Meinungsfreiheit an der Universität: „Wir haben nur einen Schnappschuss gemacht“


Zwei Soziologen haben untersucht, wie es unter linken Studierenden um die Meinungsfreiheit steht. Das Ergebnis finden sie teils „besorgniserregend“.

Marija Barišić, Philipp Bovermann | Süddeutsche Zeitung

Weltoffen und liberal, oder? Studierende im Hörsaal (Symbolbild). (Foto: Peter Kneffel/dpa)
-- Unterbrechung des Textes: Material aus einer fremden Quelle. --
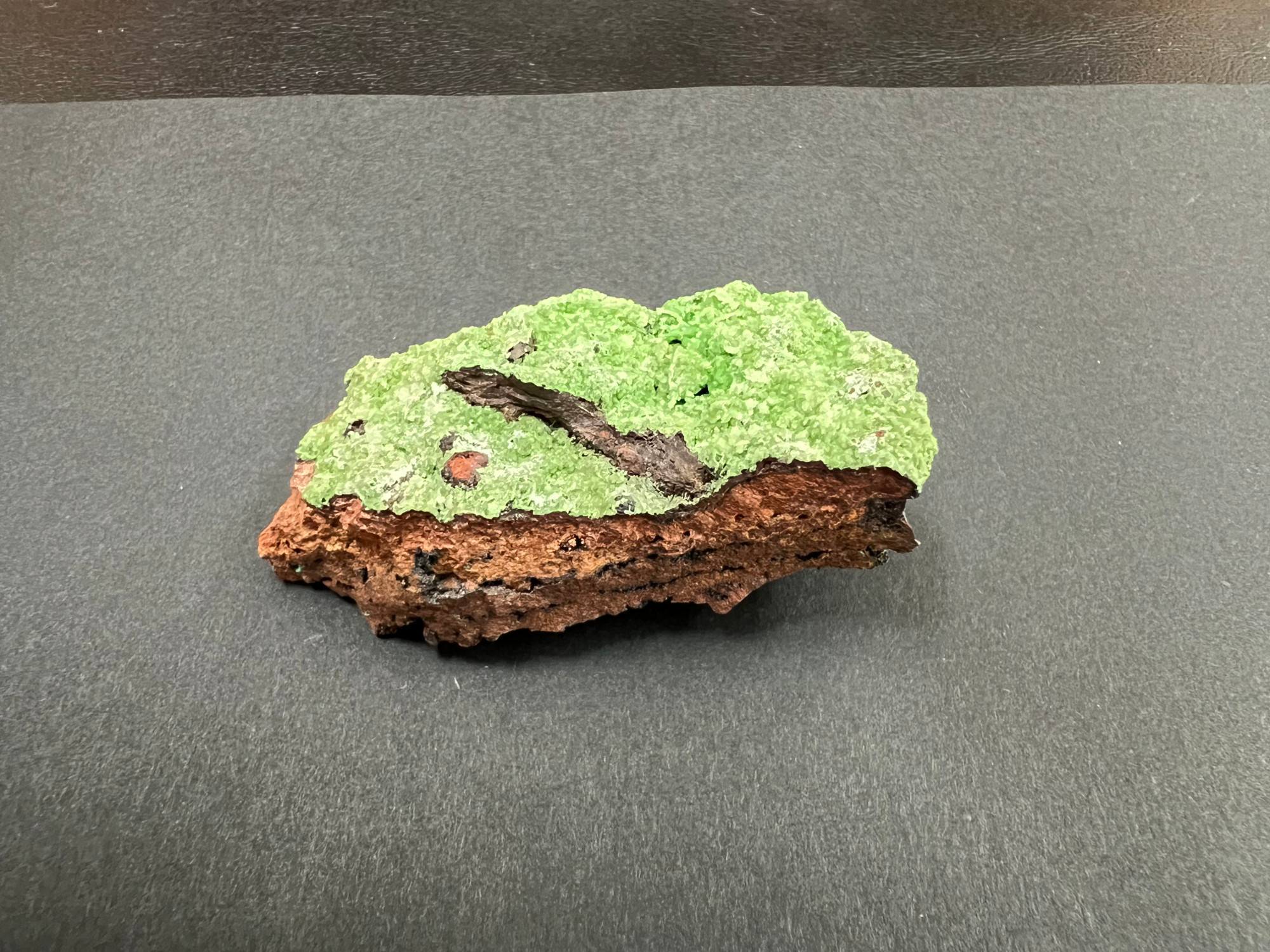 Conichalcite and celadonite (both are green).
Die Soziologen Matthias Revers und Richard Traunmüller haben untersucht, wie tolerant linke Studierende der Goethe-Universität Frankfurt gegenüber Menschen sind, deren Haltungen sie ablehnen. Das Ergebnis: Ein „beträchtlicher Anteil“ der Befragten sei bei gewissen Positionen bereit dazu, die Redefreiheit an der Universität einzuschränken. So solle jemand, der etwa die Auffassung vertrete Homosexualität sei unmoralisch, laut 83 Prozent der Befragten, nicht an der Uni unterrichten dürfen, etwa ein Drittel würde die Bücher einer solchen Person aus der Universitätsbibliothek verbannen. Die Ergebnisse der Studie werden nun kontrovers diskutiert.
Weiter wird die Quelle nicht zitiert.